Mexican Hydrocarbon Regulations Keep Foreign Majors Away from Pemex: Analyst

Mexican Hydrocarbon Regulations Keep Foreign Majors Away from Pemex: Analyst

Pemex’s ability to attract high-profile international investors under mixed-production contracts appears constrained by the country’s strict hydrocarbons regulations, according to Gonzalo Monroy, managing director of Mexico City-based energy consultancy GMEC.

The state-owned oil company in August released a list of 21 projects in shallow and deep water and onshore. But it has announced the award of only five contracts, all to domestic companies such as C5M, Geolis, CESIGSA and Petrolera Miahupan. That is less than half of the 11 projects President Claudia Sheinbaum said would be awarded before the end of 2025.

Monroy said the absence of international players such as Chevron or Exxon Mobil, on the list of interested companies is likely the result of language added in March to Mexico’s Hydrocarbons Law that spell out provisions that would typically be negotiated between contracting parties.

“They put themselves in a completely misguided straitjacket,” Monroy said in a recent interview.

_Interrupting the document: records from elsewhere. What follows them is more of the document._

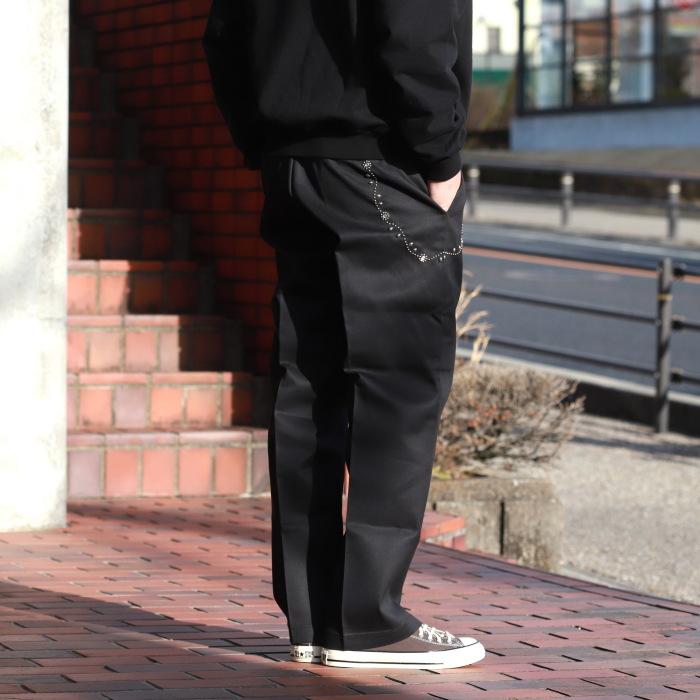 HTC HTC×Dickies 正規取扱店 ボトムス パンツ Dickies 874 ワーク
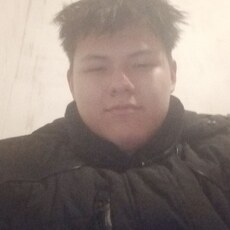 Фотография мужчины Кирилл, 24 года из г. Хабаровск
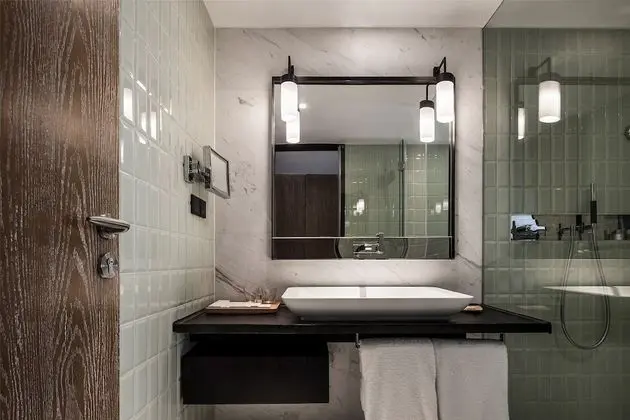 Comfort İki Ayrı Yataklı Oda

Language in the law requires Pemex to hold at least a 40% stake in mixed contracts, while another provision directs that all production be delivered to Pemex for commercialization. In addition, the law requires companies to pay all tax obligations associated with the assignment before they can earn any profits.

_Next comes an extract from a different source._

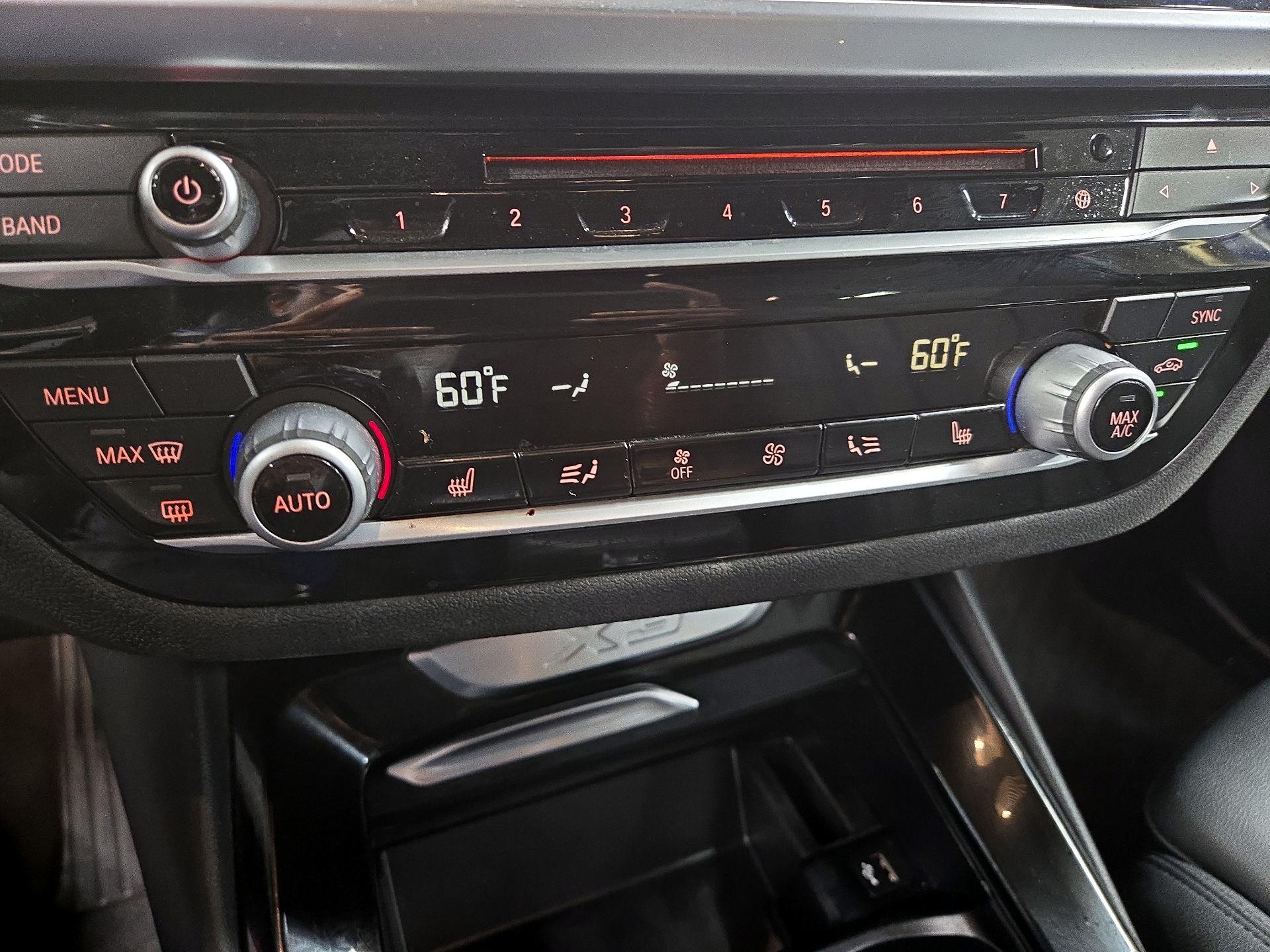 Thumbnail: 2019 BMW X3 - 17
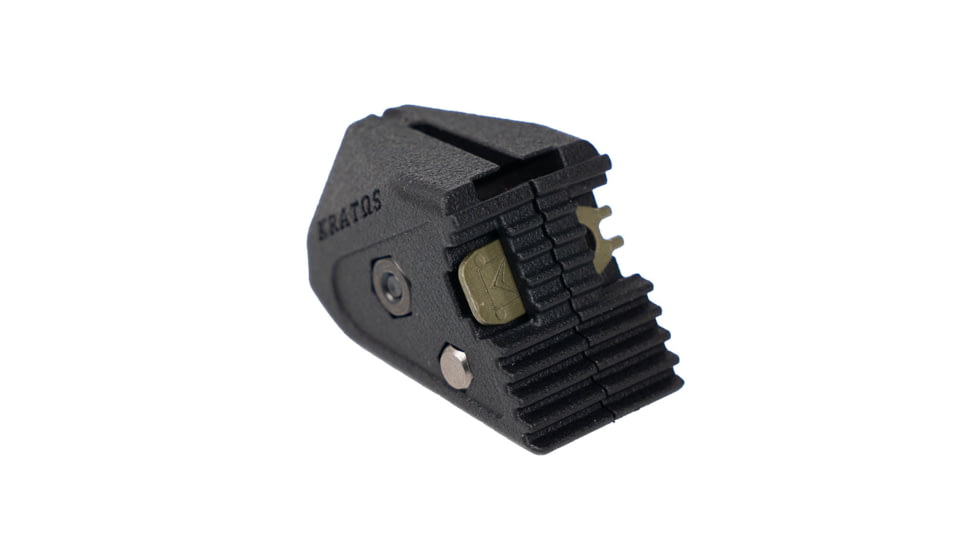 Kratos Design Group Hera Bag Rider for Sopmod Stocks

“The very serious mistake made by the Sheinbaum administration was precisely putting all of those details into the hydrocarbons law,” Monroy said. “Because they are written into the law, contracts must adhere to those clauses.”

Pemex has said mixed developments are intended to complement the company’s technical, operational, financial or execution capabilities through partnerships. The 21 mixed projects are expected to contribute about 92,000 b/d in 2026, rising to a peak of roughly 450,000 b/d by 2033, according to Pemex’s 2025-2035 strategic plan.

But the first five contracts awarded in December would account for only about 2%of total national oil production between 2028 and 2030. Contract involving more productive fields have yet to be signed.

“For Mexico to secure better and more attractive conditions to draw in other companies, the law will have to be changed,” Monroy said, adding that he doubts such a reform will take place.

Attracting major international players has also become more challenging as President Trump said it intends to bring American oil companies back into Venezuela’s hydrocarbons sector, opening a competing market in which Mexico will likely become the less-attractive option.

“With this contractual rigidity in its mixed contracts, Mexico won’t be able to compete with anyone at all,” Monroy said. “If they couldn’t compete before, now they can even less.”